Fast forward a few years, my husband and I were traveling four days a week.  I was so blessed to be invited to take part in an online book club where the members, about seven of us, were spread across the United States but would gather at a chat room (yes, they can have incredibly great uses! ;0) via and discuss different books.  Granted, I much prefer face to face book clubs, but can I say, I was so blessed during this season by this group of professional women who I never would’ve met otherwise!  We would read a chapter or two each week and discuss it, sharing our hearts and lives as well.

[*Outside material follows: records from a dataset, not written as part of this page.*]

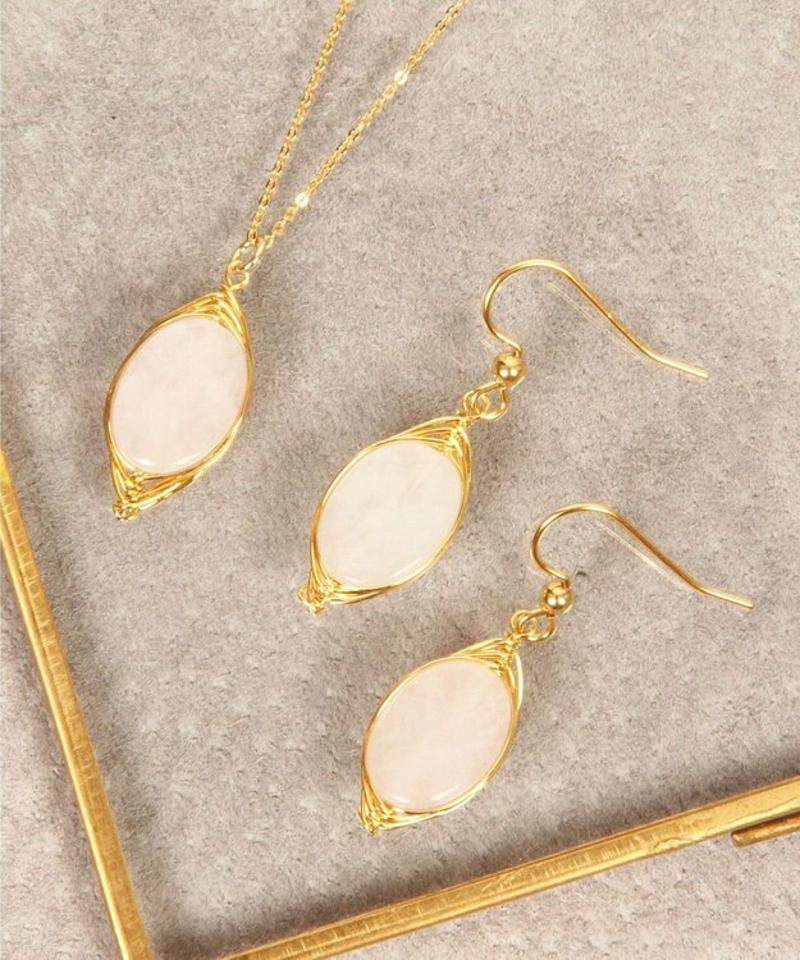 【特別な12誕生石】10月ローズクォーツピアス×ネックレスセット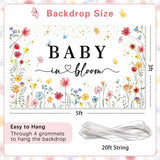 Wildflower Baby in Bloom Backdrop Banner Baby Shower Decorations for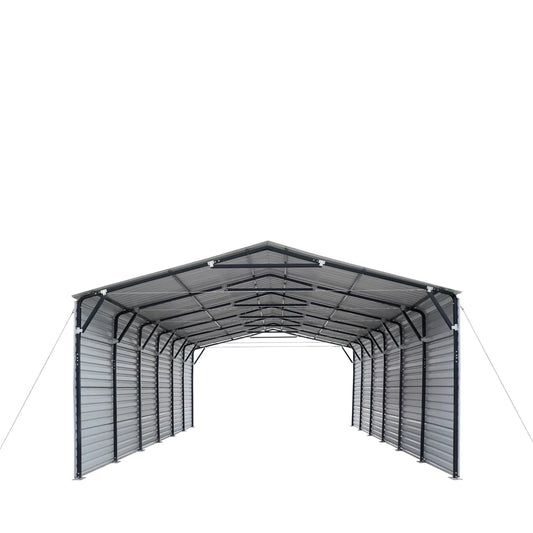 New 20’ x 30’ Metal Shed Carport, 10’ Enclosed Sidewalls, 600 Sq-Ft, 27 GA Corrugated Panels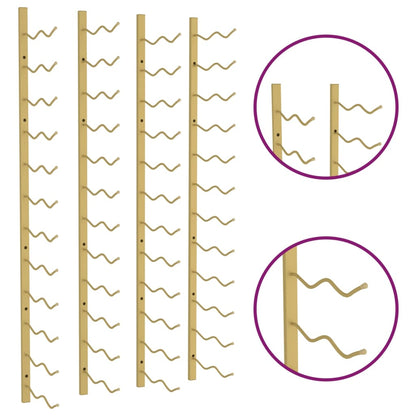 Garrafeira de parede para 24 garrafas 2 pcs ferro dourado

It’s one thing to read a book in seclusion, a whole other to process with a group.  It gets you thinking about what you’re reading in a deeper way, you have the opportunity to glean new insights from the thoughts and experiences of others and best of all, there’s opportunity to be spurred on to act on what you’ve been reading.  I find when I’m part of a book club the book being read is much more likely to become an active part of my journey – and transformation!

And this isn’t just true for non-fiction!

I have so loved getting together with friends to discuss fiction too!  What a wonderful way to learn from the character’s examples!  A few years ago I stumbled on a book entitled The Wednesday Sisters by Meg Waite Clayton.  This is a delightful story about a group of women who start a writing group.  I found a bunch of used copies online and gave them to a number of friends who also like to write, then we gathered at my house to discuss what we learned from their experiences… and our own writing group was born!  Were we ever light years ahead benefitting from the ideas (both good and bad) gleaned from the characters!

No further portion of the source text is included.